Assigned task:
Please copy only the material from the line that has "Table de salle à manger de" to the very last line, both ends included, exactly as written and without pictures.

-=-=-

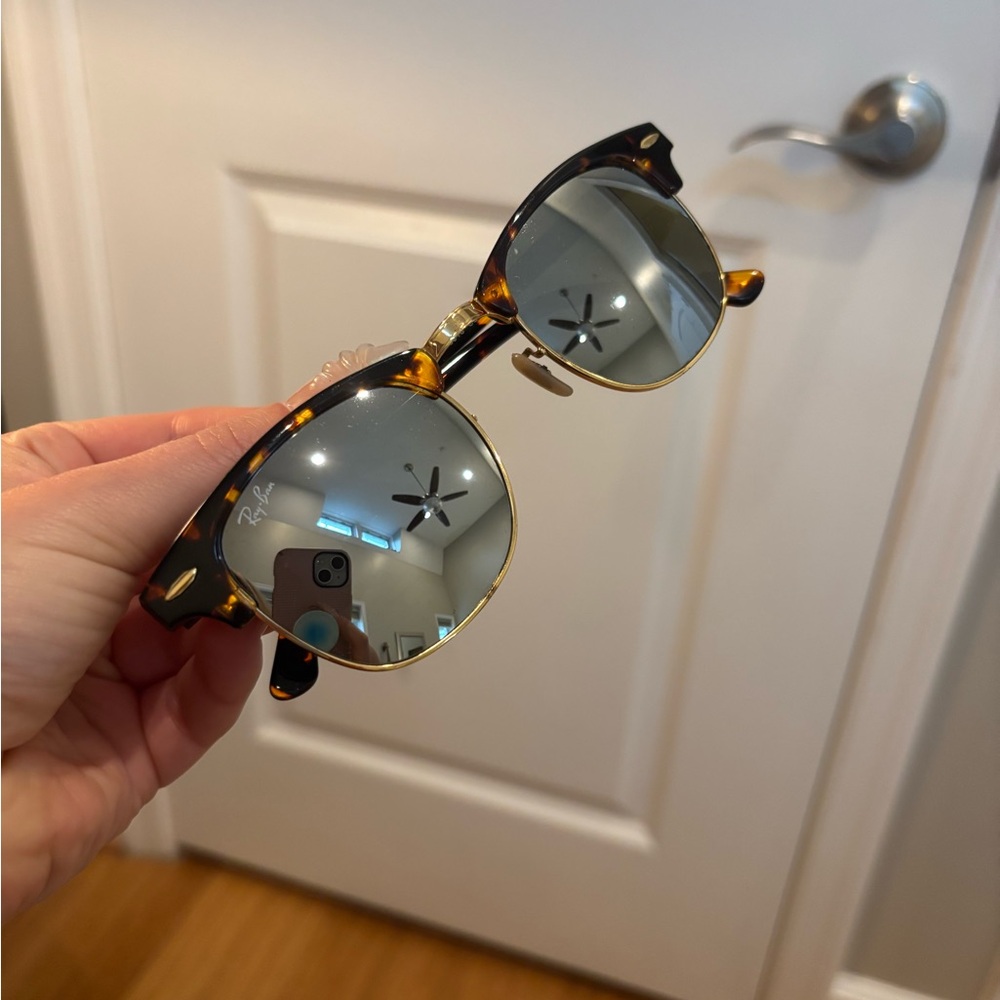 Ray-Ban Clubmasters Tortoise Frame Sunglasses with Mirrored Lenses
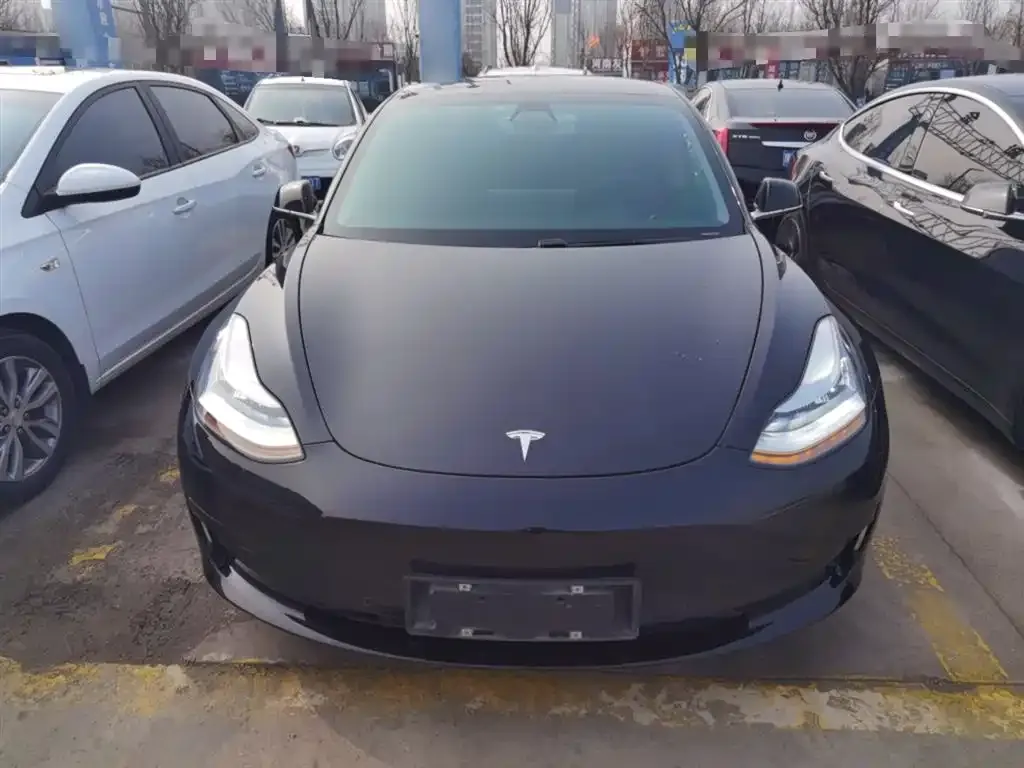 Tesla Model 3 — фото 2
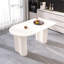 Table de salle à manger de 63 po en MDF moderne de style crème et table d'appoint irrégulière de 63 po, table de salle à manger pour 4 à 8 personnes, pieds de table ronds épais en bois d'ingénierie, plateau de table blanc crème épais et élégant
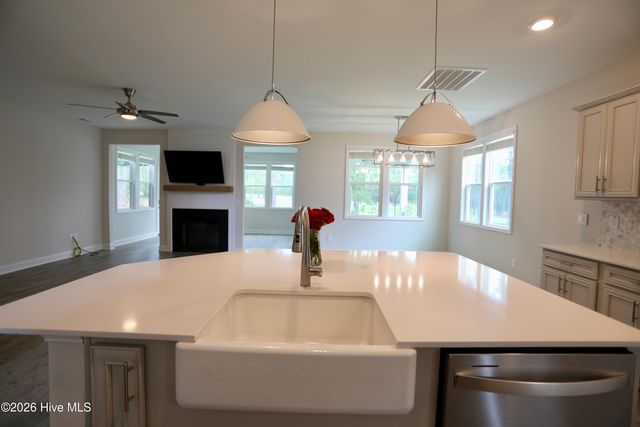 1413 Baden Court, Aberdeen, NC 28315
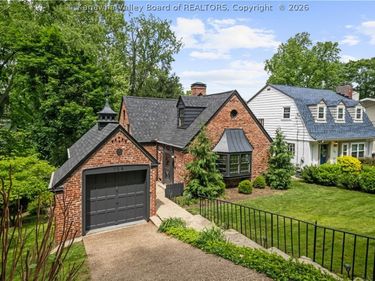 728 Myrtle Road, Charleston, WV 25314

-=-=-

Final answer:
 Table de salle à manger de 63 po en MDF moderne de style crème et table d'appoint irrégulière de 63 po, table de salle à manger pour 4 à 8 personnes, pieds de table ronds épais en bois d'ingénierie, plateau de table blanc crème épais et élégant
 1413 Baden Court, Aberdeen, NC 28315
 728 Myrtle Road, Charleston, WV 25314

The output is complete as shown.